Exercise prompt:
Extract, from the listing that follows, each line containing the word "Tidur".
══ Dataset content ══
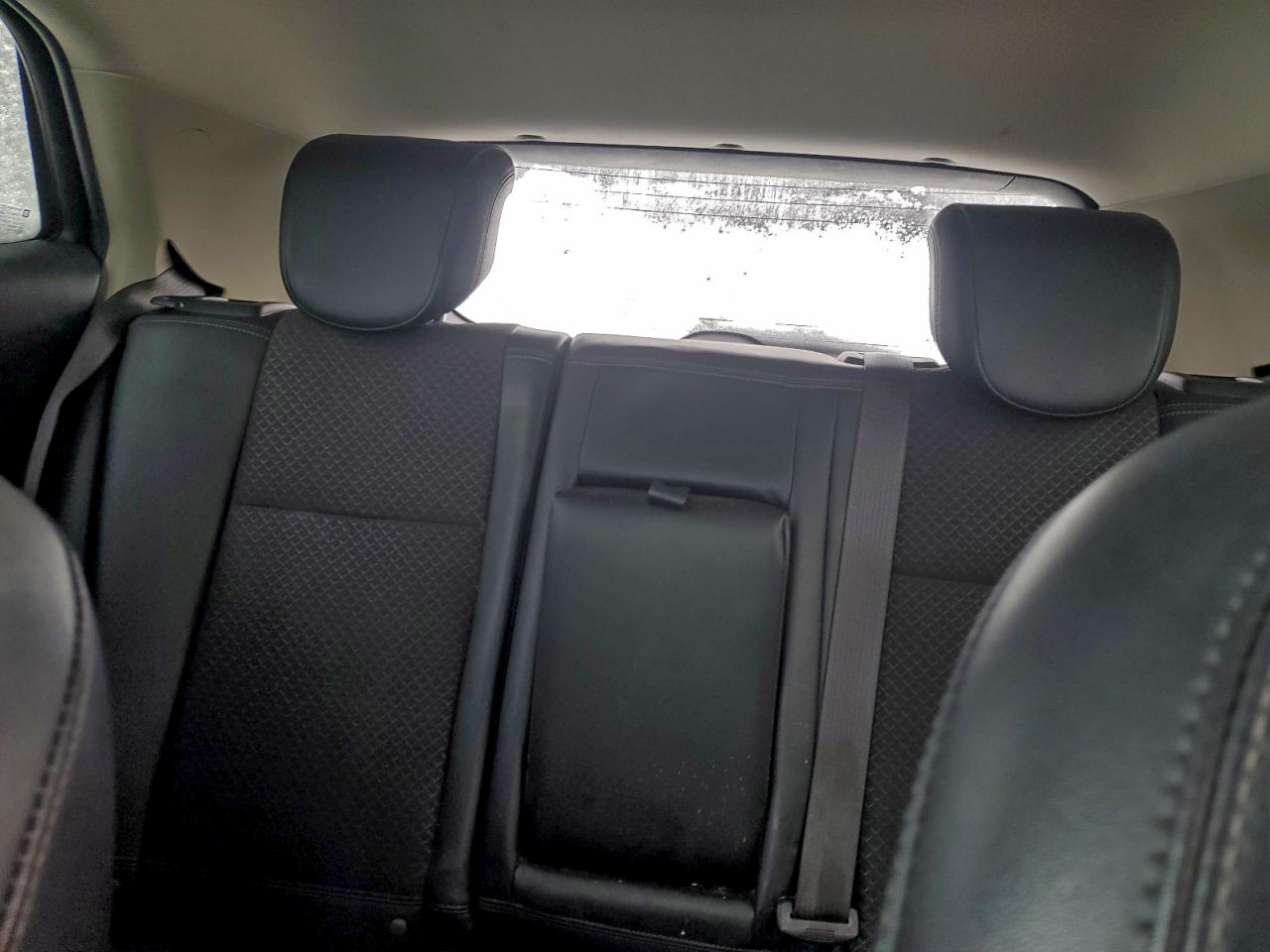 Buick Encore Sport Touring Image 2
═══
══ Dataset content ══
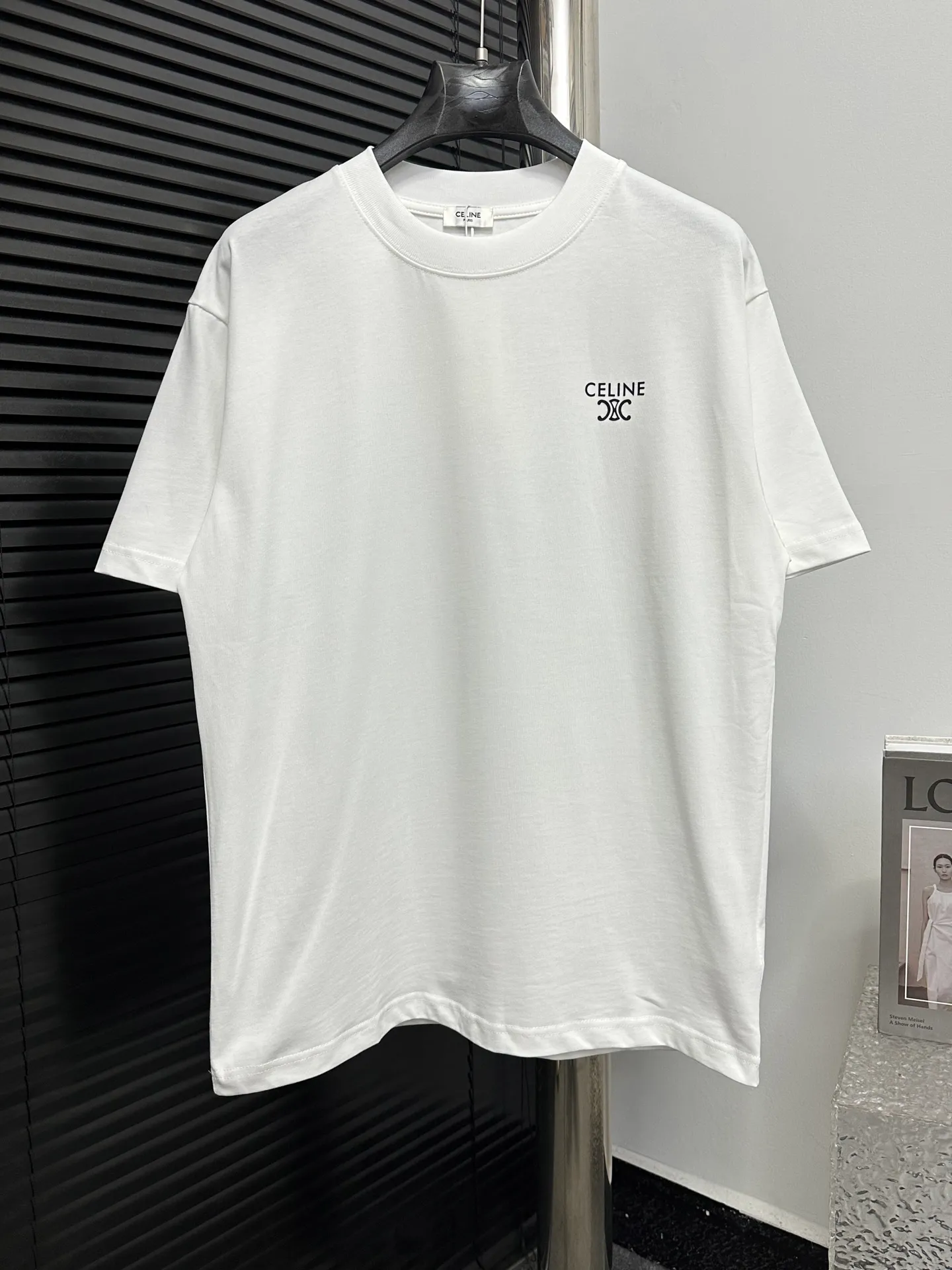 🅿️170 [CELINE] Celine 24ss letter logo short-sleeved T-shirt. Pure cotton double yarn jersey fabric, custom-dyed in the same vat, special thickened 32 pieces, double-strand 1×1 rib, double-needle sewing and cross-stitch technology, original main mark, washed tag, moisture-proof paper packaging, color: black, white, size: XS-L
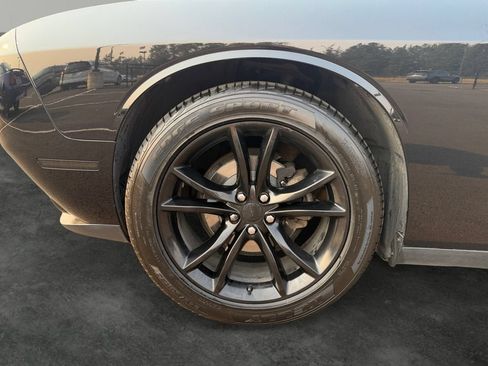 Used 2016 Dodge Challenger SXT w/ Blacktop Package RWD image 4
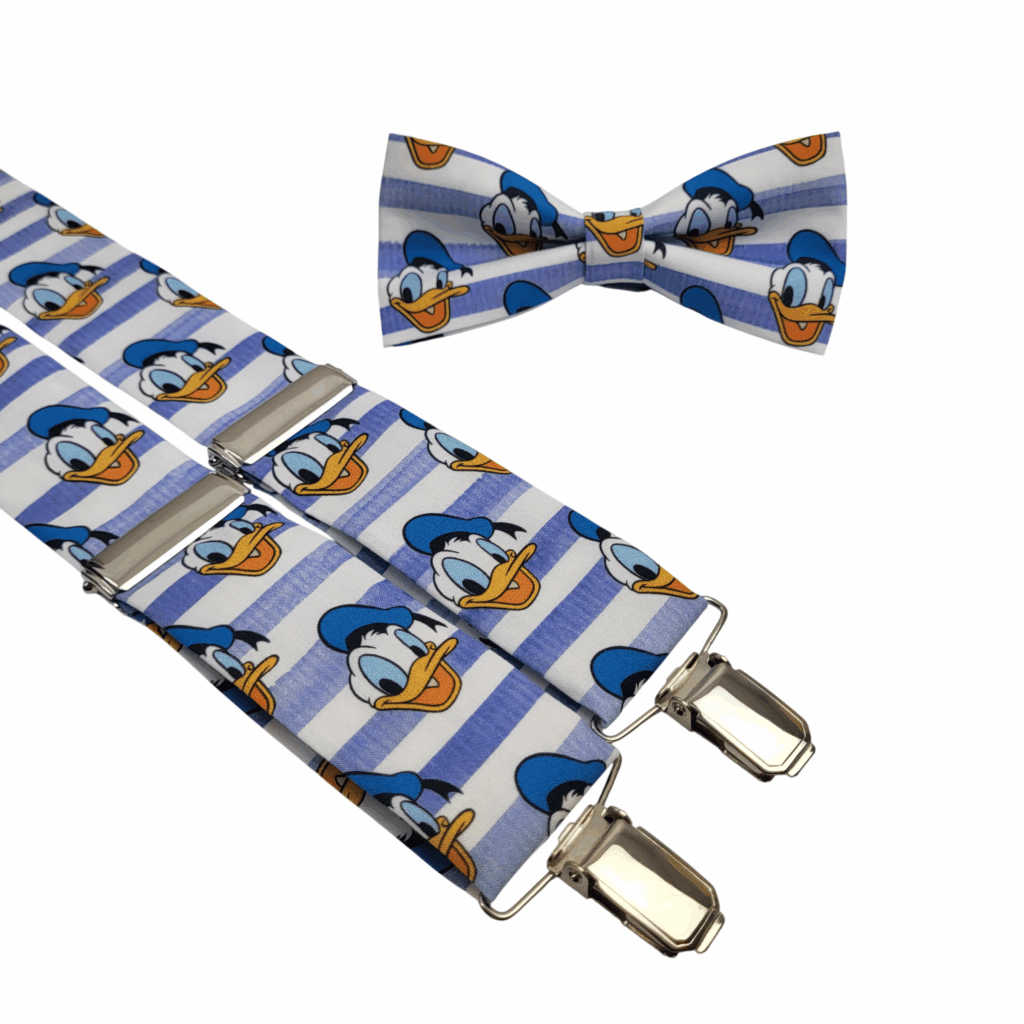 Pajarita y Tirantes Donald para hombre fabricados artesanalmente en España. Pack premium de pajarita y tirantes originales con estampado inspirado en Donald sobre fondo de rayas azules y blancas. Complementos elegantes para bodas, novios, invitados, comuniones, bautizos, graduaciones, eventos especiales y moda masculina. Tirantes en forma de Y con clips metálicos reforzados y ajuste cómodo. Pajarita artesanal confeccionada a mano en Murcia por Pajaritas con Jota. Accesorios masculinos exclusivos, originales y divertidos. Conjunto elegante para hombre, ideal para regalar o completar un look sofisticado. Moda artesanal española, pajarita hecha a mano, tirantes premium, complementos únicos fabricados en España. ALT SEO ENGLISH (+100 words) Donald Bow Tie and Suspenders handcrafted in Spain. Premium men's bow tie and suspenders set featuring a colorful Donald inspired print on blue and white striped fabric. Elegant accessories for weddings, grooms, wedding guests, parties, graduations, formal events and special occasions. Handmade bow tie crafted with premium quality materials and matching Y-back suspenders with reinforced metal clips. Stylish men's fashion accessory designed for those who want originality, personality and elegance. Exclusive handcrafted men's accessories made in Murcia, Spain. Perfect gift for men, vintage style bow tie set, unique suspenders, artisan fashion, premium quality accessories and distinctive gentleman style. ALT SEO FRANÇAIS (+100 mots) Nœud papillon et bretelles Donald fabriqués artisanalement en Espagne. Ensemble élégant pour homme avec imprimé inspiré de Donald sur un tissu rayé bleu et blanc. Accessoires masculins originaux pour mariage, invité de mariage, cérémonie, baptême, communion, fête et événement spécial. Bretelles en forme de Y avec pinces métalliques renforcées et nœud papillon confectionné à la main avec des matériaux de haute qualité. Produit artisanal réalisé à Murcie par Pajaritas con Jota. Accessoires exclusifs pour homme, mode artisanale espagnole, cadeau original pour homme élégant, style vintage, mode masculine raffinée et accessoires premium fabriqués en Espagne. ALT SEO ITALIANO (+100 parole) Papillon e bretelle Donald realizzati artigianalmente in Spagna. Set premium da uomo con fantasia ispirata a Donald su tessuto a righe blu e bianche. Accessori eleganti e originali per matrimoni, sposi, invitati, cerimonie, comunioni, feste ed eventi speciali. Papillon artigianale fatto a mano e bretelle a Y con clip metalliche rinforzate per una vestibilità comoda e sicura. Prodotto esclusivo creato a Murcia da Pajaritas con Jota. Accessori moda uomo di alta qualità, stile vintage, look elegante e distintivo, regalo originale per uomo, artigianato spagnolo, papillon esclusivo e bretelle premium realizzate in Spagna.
═══
══ Dataset content ══
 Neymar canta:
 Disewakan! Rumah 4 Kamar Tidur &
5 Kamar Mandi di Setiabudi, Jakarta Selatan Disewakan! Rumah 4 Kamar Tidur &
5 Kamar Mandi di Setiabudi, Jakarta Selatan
═══
Response:
 Disewakan! Rumah 4 Kamar Tidur &
5 Kamar Mandi di Setiabudi, Jakarta Selatan Disewakan! Rumah 4 Kamar Tidur &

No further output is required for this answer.